Figure 2. Quantization. Notes that are in the middle of a minimal common division are interpreted as equivalent to the bin center.

To compute the similarity of an input and a template in a given measure, we compare the values of each of the bins in the input the template. If a bin is activated in both the input and the template, or if it is deactivated in both, we increment by one the score for the respective category. On the other hand, if a bin is activated in the input but not in the template, or vice versa, we do not increment the score. As each of our templates consists of a two-beat measure, we have a total of eight bins in a measure, and therefore a maximum score of eight can be obtained on each measure. The total score for the whole song will be the sum obtained on each of the measures.

Figure 3. Template Matching. Only if both the input and the template have the same state (activated or inactivated) the score is increased. If they are different the score stays.

It is important to realize that this is a linear system. Instead of comparing the bins of every measure against the template and accumulating the score, we could make a histogram of the bins along the song and only at the end compare against the template. In such case, for each of the eight bins we only would need to add it frequency f to the score if the bin was activated in the template, or add to the score its complement m-f to the number of measures m of the song.

Clearly, with this template approach, songs for which instruments are playing patterns very similar to the template most of the time will have a very high score for that style. On the results we obtained it could be seen that the templates we used were different enough to give a significant difference in the score to be able to classify a song into a category just by taken the one with highest score. Unfortunately, templates for styles are not unique. There can be slight differences on templates for styles that if they are not taken into consideration our could perform very bad.

Variations to Templates

As we mentioned when we started discussing “Templates Matching”, many times there are slight variations in styles that makes necessary (1) to define more than one template for a style, or (2) to define a more flexible structure that let accept variations into styles. The first one is optimal because we could make as many templates as we want to match all the variations we know. However, that would be computationally too expensive.

We came with a way to perform the second option producing almost as good results as the first one, but requiring only few extra computations. The rule is not “rule of thumb” and depends on the case. For example, in Salsa and Cumbia it is not always true that the first note of the measure is not played. Actually, in most of Cumbias the first note is played, but in some of them it is not. It can be seen therefore that such note does not conform a criteria to decide whether or not a song is a Cumbia. Therefore, we could just ignore this note from our analysis. This is not the case for the note in the fifth bin (the first note in the template). This note is almost always played.

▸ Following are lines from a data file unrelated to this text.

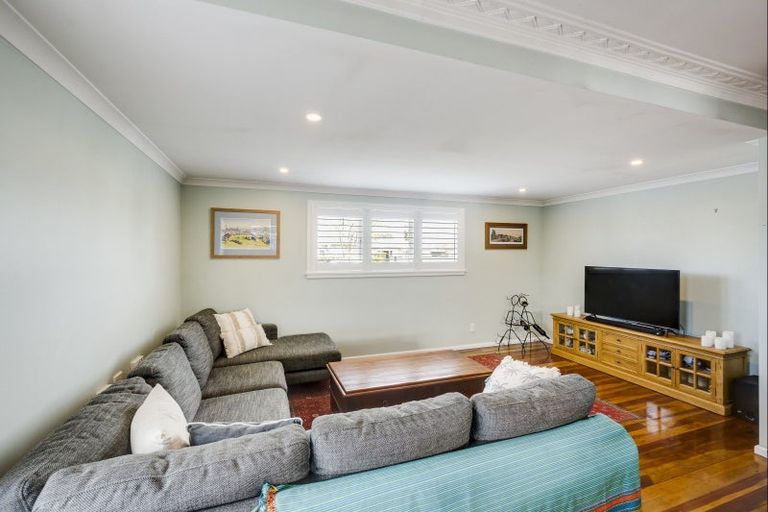 Photo of property in 212 Terrace Road, Parkvale, Hastings, 4122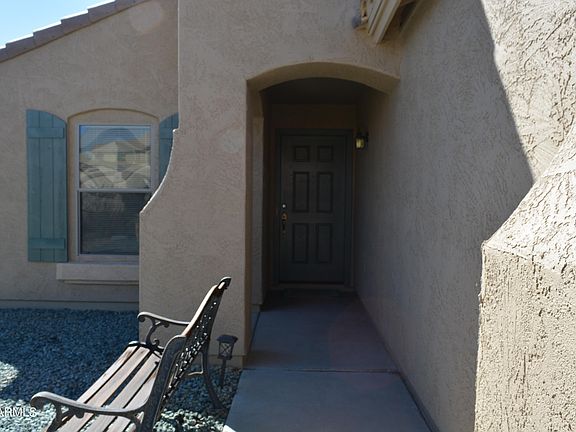 2nd image of 43811 W Elizabeth Avenue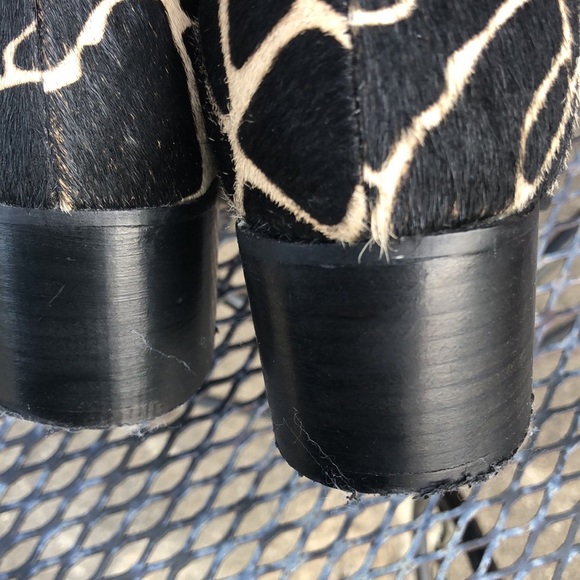 Urban Outfitters Giraffe Print Pony Hair Pola Chelsea Boot size 6 - Picture 6 of 9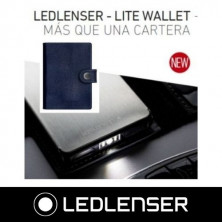 Cartera tarjetero de piel con linterna y protector de tarjetas 150Lm Azul Marino LEDLENSER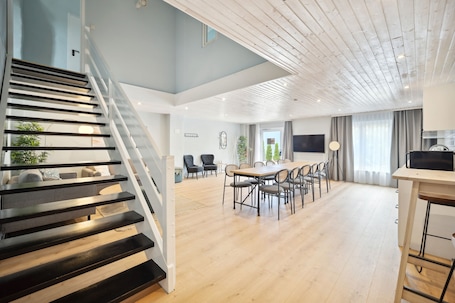 Four-Bedroom Duplex Suite with terrace | 起居区 | 50-英寸智能电视 (配备卫星频道)、电视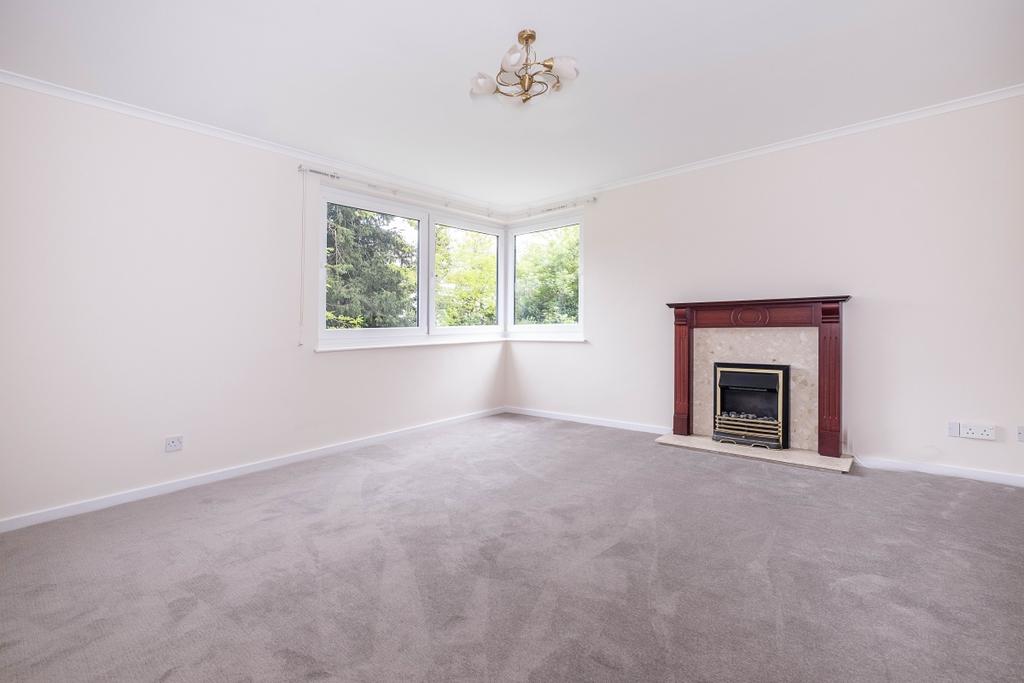 Apartment in Surbiton - View 2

This idea suggests the following method. Define a vector v = [v1, v2,…,v8] such that vi {-1,0,1} for i  {1,2,…,8}. If there is a note in the i-th bin of the template and that note is strictly required (as the 5th and 7th bins in the bass line for Cumbia), set vi=1. If it is just optional (i.e., it cannot be used as a criteria, as the 1st bin in the bass line for Cumbia) set vi=0. If there is no note in the i-th bin of the template (as the 2nd, 3rd, 4th, 6th, and 8th bins in the bass line for Cumbia), set vi=-1. This means that if that note is played decrease the score by one. In the Cumbia bass line case we would get in the best case a score of 2 and in the worst case a score of –5. We can add a bias of 6 and therefore keep the score in the range [0,12] (actually [1,12], with the free gift of the 1st bin). This criteria was used in all the templates and helped to expand the variations recognized on each of the styles.

Figure 4. Templates with optional notes. Required notes have a value of positive one such that if they are present in the input they contribute positively to the score. Optional notes have a value of zero. If they are present or not it makes no difference. The rest of the bins have a value of –1 decreasing the score if notes are present in the input.

Another difficult we met was related with the simplification we made using only two-beats measures. Latin Music measures are intrinsically four-beat based most of the time. We made the simplification for two reasons. First, usually the first and the second part of the four-beat measure are so similar that it made some sense to treat them as equal. Second, the first part of the four-beat measure template and the second part can appear permuted (i.e., in some songs the first one can come as second and vice versa). Furthermore, this order can change inside a song itself. A typical case is the common change of ”clave” in Salsa. Some Salsas start with the 3-2 clave and at more rhythmic parts change to 2-3 clave.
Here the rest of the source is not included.